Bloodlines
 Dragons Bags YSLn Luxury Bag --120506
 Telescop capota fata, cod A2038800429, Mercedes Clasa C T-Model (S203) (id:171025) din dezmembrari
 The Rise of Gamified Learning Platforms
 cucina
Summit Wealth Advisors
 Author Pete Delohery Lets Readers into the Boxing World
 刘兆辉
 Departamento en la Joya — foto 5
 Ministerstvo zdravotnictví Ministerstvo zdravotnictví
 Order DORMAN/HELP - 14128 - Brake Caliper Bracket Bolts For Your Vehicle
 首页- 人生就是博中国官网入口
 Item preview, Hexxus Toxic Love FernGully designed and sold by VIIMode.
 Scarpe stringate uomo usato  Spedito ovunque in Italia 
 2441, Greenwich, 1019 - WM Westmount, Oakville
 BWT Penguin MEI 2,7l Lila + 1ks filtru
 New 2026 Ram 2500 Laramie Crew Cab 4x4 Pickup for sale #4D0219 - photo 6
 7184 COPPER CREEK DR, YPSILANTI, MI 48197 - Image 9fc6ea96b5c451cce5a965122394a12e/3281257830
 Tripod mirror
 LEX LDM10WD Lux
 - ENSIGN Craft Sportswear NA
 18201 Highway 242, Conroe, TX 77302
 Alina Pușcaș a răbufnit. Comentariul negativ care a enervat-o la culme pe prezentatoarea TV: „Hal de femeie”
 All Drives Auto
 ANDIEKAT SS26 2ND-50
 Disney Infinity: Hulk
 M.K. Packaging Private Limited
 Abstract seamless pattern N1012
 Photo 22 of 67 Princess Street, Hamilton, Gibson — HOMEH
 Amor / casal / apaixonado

□ □ □

▶ **PROBLEM TO WORK ON**
Write out exactly the lines from the line holding "Alina Pușcaș a" through the last line of the data, and nothing besides those lines.

▶ **TASK OUTPUT**
 Alina Pușcaș a răbufnit. Comentariul negativ care a enervat-o la culme pe prezentatoarea TV: „Hal de femeie”
 All Drives Auto
 ANDIEKAT SS26 2ND-50
 Disney Infinity: Hulk
 M.K. Packaging Private Limited
 Abstract seamless pattern N1012
 Photo 22 of 67 Princess Street, Hamilton, Gibson — HOMEH
 Amor / casal / apaixonado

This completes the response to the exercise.